ORLANDO— Sometime in the next few weeks I’ll be opening a new restaurant, bar, and tiki bar in the Fondren neighborhood of Jackson, Mississippi. Those are all very familiar concepts to me. I have worked in the restaurant business for 40+ years, and over 33 years have been as an owner.
The restaurant menu will be very similar to the menu at Crescent City Grill, our Hattiesburg concept that opened in 1990. The bar will take a lot from our Mahogany Bar, also a 31-year proven concept. We have a lot of experience in the tiki bar field as we used to host tiki takeovers in our cocktail bar concept, Branch.
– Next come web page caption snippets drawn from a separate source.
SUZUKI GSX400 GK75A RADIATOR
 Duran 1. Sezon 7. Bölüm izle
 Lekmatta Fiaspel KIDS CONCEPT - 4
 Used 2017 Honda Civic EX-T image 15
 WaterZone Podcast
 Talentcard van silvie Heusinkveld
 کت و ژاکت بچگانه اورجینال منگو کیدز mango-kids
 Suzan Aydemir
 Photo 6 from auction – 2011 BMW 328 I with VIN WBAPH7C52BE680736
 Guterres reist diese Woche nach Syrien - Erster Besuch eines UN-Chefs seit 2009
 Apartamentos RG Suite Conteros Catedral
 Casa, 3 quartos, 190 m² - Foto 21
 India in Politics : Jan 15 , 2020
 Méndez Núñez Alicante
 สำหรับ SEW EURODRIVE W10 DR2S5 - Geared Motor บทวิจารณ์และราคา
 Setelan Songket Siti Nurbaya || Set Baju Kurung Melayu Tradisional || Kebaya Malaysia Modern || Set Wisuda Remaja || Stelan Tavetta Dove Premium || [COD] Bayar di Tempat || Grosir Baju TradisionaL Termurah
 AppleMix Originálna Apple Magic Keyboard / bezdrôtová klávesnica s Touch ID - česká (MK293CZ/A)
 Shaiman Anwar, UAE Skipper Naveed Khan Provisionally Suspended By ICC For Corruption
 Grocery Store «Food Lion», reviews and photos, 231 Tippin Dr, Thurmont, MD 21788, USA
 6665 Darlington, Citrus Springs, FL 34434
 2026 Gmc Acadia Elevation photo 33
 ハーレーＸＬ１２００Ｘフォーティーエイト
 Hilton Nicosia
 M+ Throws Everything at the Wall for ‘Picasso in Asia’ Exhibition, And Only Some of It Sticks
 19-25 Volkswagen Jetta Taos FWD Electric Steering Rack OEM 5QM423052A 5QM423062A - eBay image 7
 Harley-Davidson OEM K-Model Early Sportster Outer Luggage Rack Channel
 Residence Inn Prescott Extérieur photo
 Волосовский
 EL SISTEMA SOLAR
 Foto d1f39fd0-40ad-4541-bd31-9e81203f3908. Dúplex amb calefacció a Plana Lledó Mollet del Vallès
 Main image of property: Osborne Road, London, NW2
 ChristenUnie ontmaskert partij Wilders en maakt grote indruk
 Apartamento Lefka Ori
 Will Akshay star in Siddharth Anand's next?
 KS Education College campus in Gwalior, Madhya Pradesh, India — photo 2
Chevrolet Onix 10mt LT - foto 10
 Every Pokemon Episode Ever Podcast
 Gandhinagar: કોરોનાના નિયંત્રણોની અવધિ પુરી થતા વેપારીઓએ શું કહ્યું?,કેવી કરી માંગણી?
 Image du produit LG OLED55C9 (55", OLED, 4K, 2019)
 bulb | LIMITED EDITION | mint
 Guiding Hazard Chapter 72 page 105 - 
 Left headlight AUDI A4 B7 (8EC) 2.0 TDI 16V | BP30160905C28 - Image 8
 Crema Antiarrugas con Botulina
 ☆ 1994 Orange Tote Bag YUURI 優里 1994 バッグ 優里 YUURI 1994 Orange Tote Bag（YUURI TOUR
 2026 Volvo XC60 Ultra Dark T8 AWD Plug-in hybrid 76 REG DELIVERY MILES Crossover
To add to the bona fides, our Jackson management team has all worked together for over 12 years. In many ways, we are opening on third base when it comes to management and experience in the restaurant and bar side of things. The textbooks might advise, “Location, location, location.” But in my book, the key to success in the restaurant business is, “Management, management, management.”
So, when it comes to menu development, production, concept design, mixology, and experience, we have all those bases covered.
Though we are also opening a bowling alley and a movie theatre. I have zero years’ experience operating a theatre or a bowling alley. Granted I am a movie nut and usually go to at least two or three movies on an average week. But attending over 100 movies a year does not make me a theatre operator. That would be akin to all the people I have heard over the past four decades who say things like, “I know the restaurant business. I eat in a lot of restaurants. So, I am going to open a restaurant.” Experience eating in restaurants will give one about 5% of what one needs to know about operating a restaurant.
The same goes for bowling, and I have never bowled three times a week.
So, for the past three years, my partners and I have hired the industry’s top consultants in those fields who will be guiding us along the way. We have also been attending conferences and conventions submerging ourselves in the movie theatre and bowling business. That is why I am writing this column from a hotel in Orlando, Florida.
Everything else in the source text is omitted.